Different batches can also vary significantly in strength. Even within the same batch, one dose could kill a user while another does not. Due to its potency, fentanyl is difficult to mix evenly into cutting agents. Two milligrams, about the size of two grains of rice, is enough to cause an overdose. It is almost impossible to properly distribute such a small amount of product evenly throughout a batch of heroin.

Fentanyl overdoses can be temporarily reversed using Narcan (Naloxone), an opiate antidote that blocks opiate receptors. However, fentanyl’s potency can increase the speed of an overdose as well as require several doses of Narcan for reversal. Even family members or friends who catch an overdose early and know to administer Narcan nasal spray could find the one dose spray insufficient; the user could remain unconscious or slip quickly back into an irregular and dangerously slow breathing pattern resulting in eventual death.

While addiction is a disease that afflicts all classes, the working class and poor have been its leading victims. This current opioid crisis began in part because pharmaceutical companies targeted some of the poorest regions in the country including Appalachia—a region which includes parts of southern Ohio—saturating working class communities with opioid pain killers and lying about their addictive qualities in order to turn a profit.

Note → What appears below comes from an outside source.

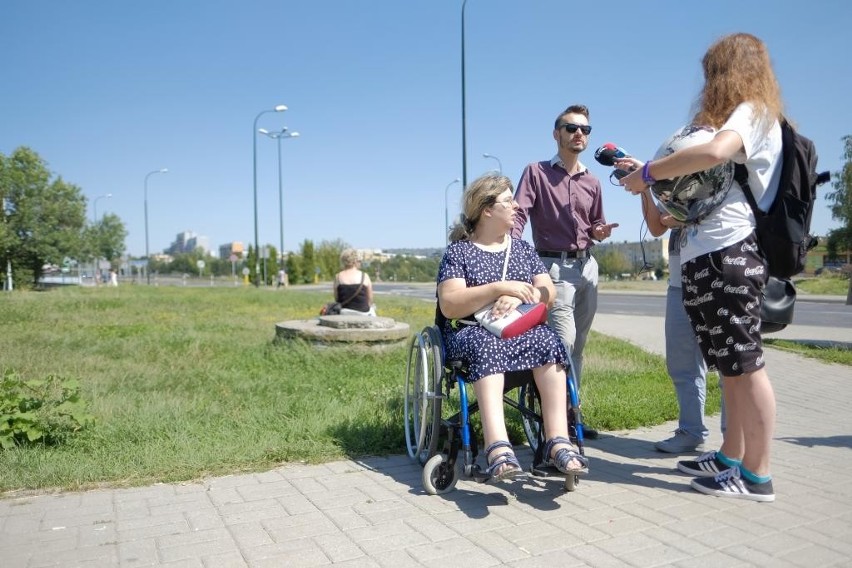 Niepełnosprawni alarmują: chodniki są nierówne, a krawężniki za wysokie (ZDJĘCIA, WIDEO)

Many addiction stories begin with prescription from a physician. When the prescription runs out, when physicians refuse to provide refills, or when health care is lost, users turn to street versions of opioids to avoid withdrawal.

Higher rates of addiction are found in economically devastated regions of the county. A study published in the Journal of the American Medical Association (JAMA) in January found a direct link between auto assembly plant closure and the growing opioid epidemic, with data showing an 85 percent increase in opioid deaths above expected levels within five years in counties which experienced a plant closure.

Neither the parasitic nature of the pharmaceutical companies nor the economic devastation of former industrial centers is an accident. Both are a product of deliberate attacks on the working class, resulting in the erosion of life expectancy and the rising rate of deaths of despair among the American working class.